*** SOURCE DATA Section Begins ***

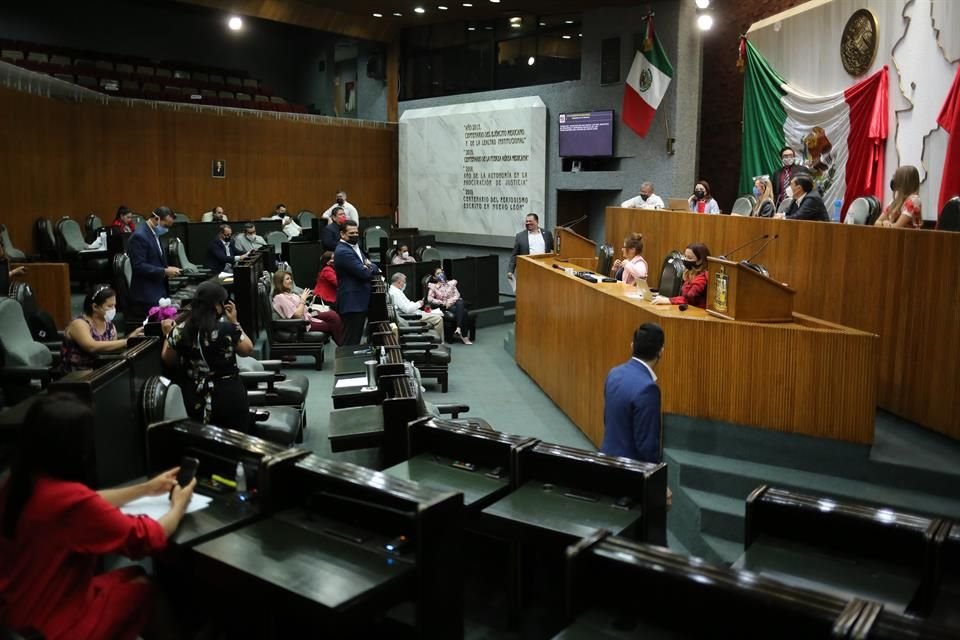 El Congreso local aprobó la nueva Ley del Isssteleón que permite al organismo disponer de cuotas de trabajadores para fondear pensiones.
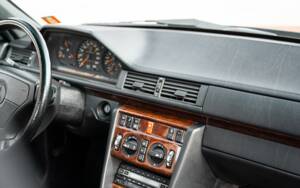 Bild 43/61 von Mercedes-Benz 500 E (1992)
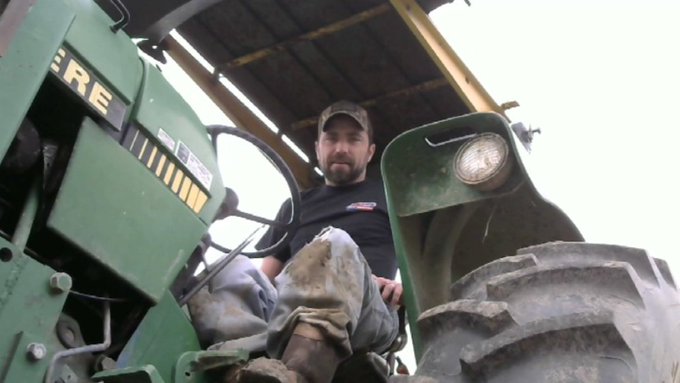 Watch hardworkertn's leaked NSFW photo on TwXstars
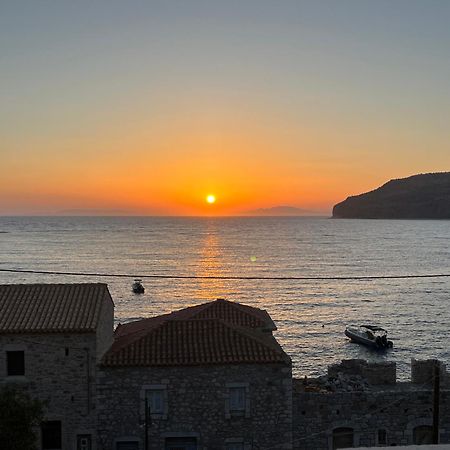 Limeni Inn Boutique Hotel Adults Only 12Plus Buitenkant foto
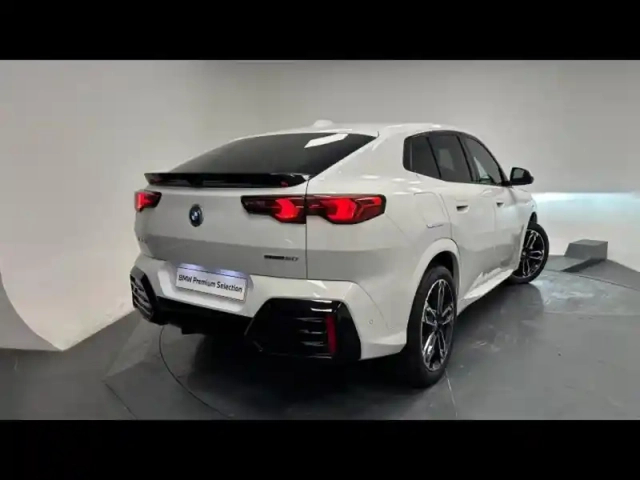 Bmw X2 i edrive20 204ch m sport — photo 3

*** SOURCE DATA Section Ends ***

# PROMPT
Could you restate the material word for word, omitting the pictures?

# SOLUTION FOR THIS PROBLEM
 El Congreso local aprobó la nueva Ley del Isssteleón que permite al organismo disponer de cuotas de trabajadores para fondear pensiones.
 Bild 43/61 von Mercedes-Benz 500 E (1992)
 Watch hardworkertn's leaked NSFW photo on TwXstars
 Limeni Inn Boutique Hotel Adults Only 12Plus Buitenkant foto
 Bmw X2 i edrive20 204ch m sport — photo 3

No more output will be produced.